Now that we have covered row operations, working with columns will be a breeze. You can use several methods to delete column. The easiest is the `del` command.

In [None]:
#delete column X

 Data can be added by using the `insert()` function.

In [None]:
# inserting column with single value in data frame

## Practice Exercises

Take 10 minutes to complete the following tasks. If necessary, refer to the tasks we worked through previously in the notebook - but try your best to work from memory. 

1. Return to the "Car.csv" data set and import it as a DataFrame named "cars".

2. Create a column named "Gas_Guzzler" and enter a value of 1 if the vehicle has an average fuel economy of less than 15 mpg and a value of "0" if it has an average fuel economy of 15 or more miles per gallon

3. Drop all Toyotas from the DataFrame.

4. Index the DataFrame using the model name. 

5. Drop the first 5 observations from the DataFrame.

In [None]:
#1

In [None]:
#2

In [None]:
#3

In [None]:
#4

In [None]:
#5

## Regular Expressions

Finding and/or altering patterns in character strings can be achieved simply using regular expressions. Regular expressions, or regex, are a character description of the pattern you want to match. If you know the exact character string you want to find you would provide that as the search string. Often the pattern we are interested in has some variability in it. 

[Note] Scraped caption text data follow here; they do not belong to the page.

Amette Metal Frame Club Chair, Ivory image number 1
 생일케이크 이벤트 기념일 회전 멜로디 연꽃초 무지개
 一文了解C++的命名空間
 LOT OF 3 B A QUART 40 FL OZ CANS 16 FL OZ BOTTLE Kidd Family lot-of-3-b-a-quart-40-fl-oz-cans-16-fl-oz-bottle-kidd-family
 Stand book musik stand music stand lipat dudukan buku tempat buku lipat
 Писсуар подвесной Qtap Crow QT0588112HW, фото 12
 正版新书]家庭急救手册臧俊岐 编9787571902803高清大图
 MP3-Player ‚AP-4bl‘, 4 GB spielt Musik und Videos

Finding groups of items in your data is greatly aided by using regular expressions. For instance, if you wanted to find all subsets that started with `m` and ended with `w`, we would need a way to represent one or more unknown characters. Regular expression provides `.` for any character and `+` to repeat what precedes it one or more times. Using these allows us to write `m.+w` to search for subsets that start with `m` and ended with `w`.

Some regular expression operators help identify a set of characters to match.

* .	Matches any character
* \w	Matches any word character
* \d	Matches any digit
* \s	Matches any white space
* \S	Matches everything except any white space
* \[ \]	Used to create a list of possible characters to match
* [^ ]	Used to create a list of possible characters to not match
* |	Or operator, allows matching a set of strings

Other operators indicate how many matches of a particular character or matches to be made from a set of characters.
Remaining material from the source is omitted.